Well after dark, one of the guides ran Larry and I and Jon, the other boat’s captain, up to the little town proper, where we were let in to Mike’s spare cabin.  It was right next to the falls that drain the lake above.   After a long day on the water, we were soon asleep in comfortable beds, with the rushing water from the waterfalls to put us to sleep.
The bay is like a cathedral, with steep treeless mountain tops and a commanding water fall of sorts that cascades down a steep rock face into the head of the bay.  I bet it’s dark and cold here in the winter.  The place is also somewhat magical for me since it was the home for Wayne Short and his family growing up.  He’s the author of several of my favorite books, including The Cheechakoes and This Raw Land, about coming to Southeast Alaska in the 1950s and coming of age in a new land.  The family bought the store and property in Baranof Warm Springs, including the main lodge house compound we were dining in.  I’ve read the books so many times I felt like I’d already been here before many times.

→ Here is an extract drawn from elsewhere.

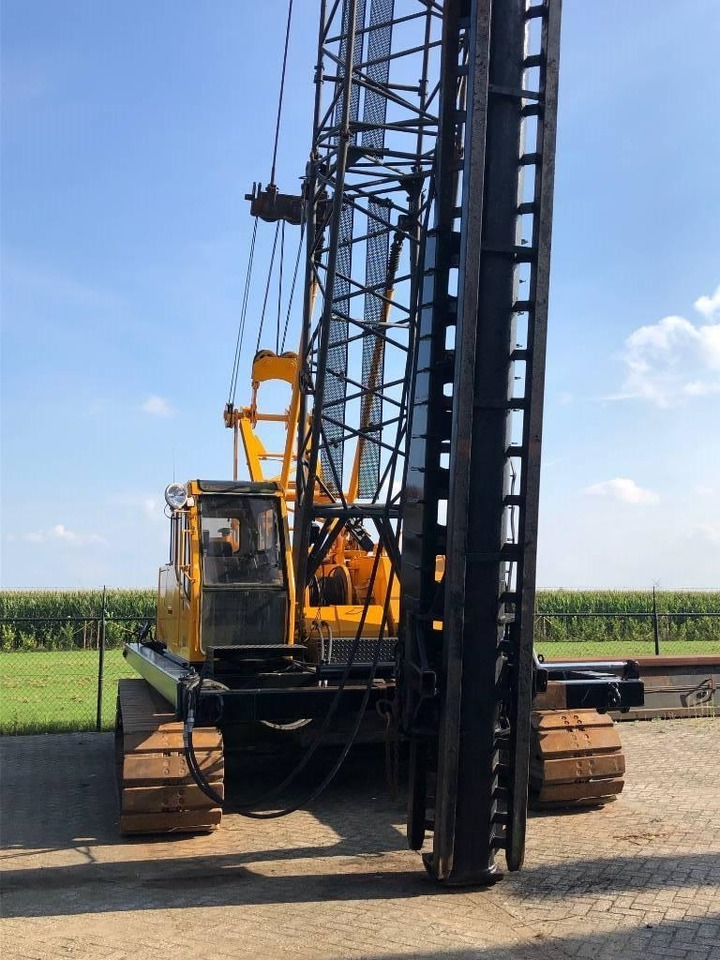 Kobelco 7035 - Derek perayap: gambar 5 Kobelco 7035 - Derek perayap: gambar 5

We awoke at 6 and a guide came back for us right on time.  As we walked across the docks on our way to the boardwalk up to the lodge, I studied the fishing gear the lodge used.  The halibut set ups had spin and glos on one side of a three way swivel, with a circle hook on a stout leader on the other, and a snap hanging down to clip on a weight.  The hootchies were white with red in the head – a similar pattern to those I’d had success with further up Chatham this year.

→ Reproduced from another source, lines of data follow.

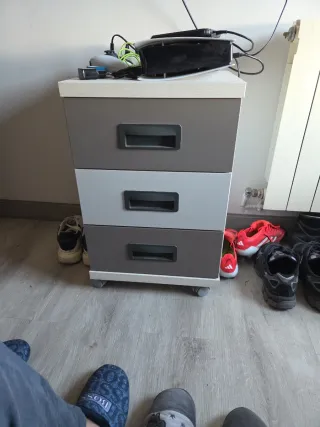 Mueble juvenil blanco y gris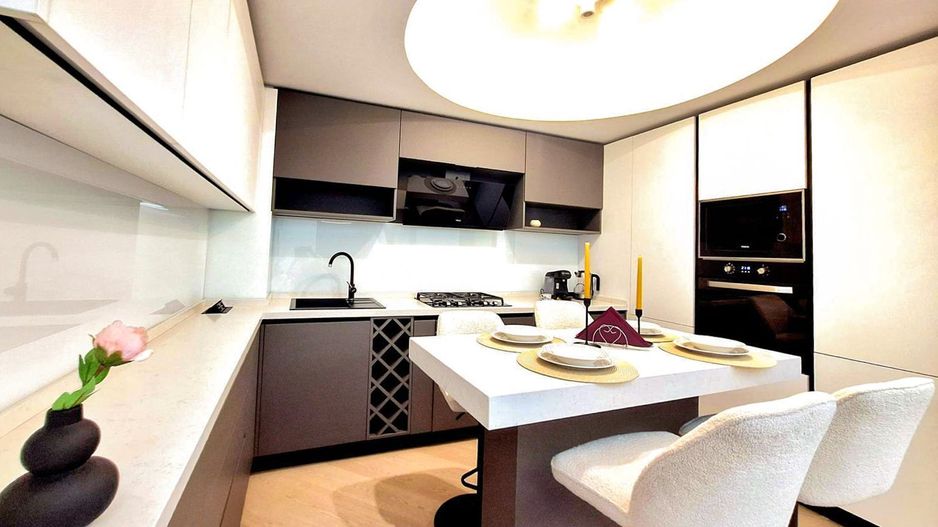 Închiriere apartament 3 camere | Parcare + Debara privată incluse - Poză 4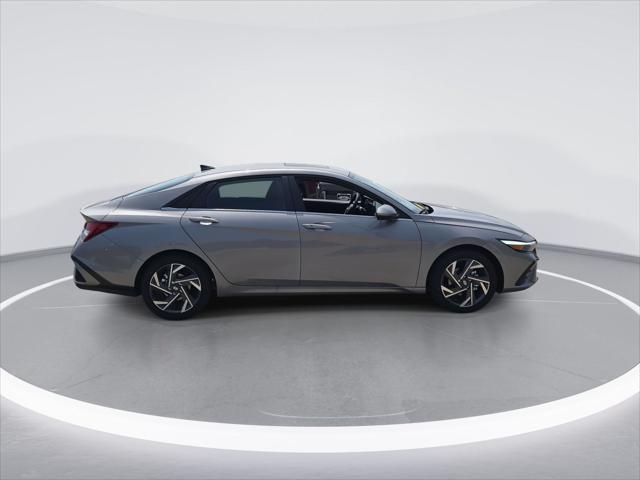 new 2025 Hyundai Elantra car, priced at $26,019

When we got up to the lodge, we were greeted by kitchen staff with plates full of breakfast before we could even sit down.  We ate our fill with the guides as they talked about the day to come.  The cook rang the bell to call the guests to breakfast, and we said our goodbyes and headed down to our boats.  Soon, we were on our way back to Juneau at full speed and fair seas, and tied up in Auke Bay before noon.  I didn’t get a hot soak in the hot springs on this run, and look forward to doing that on the next trip.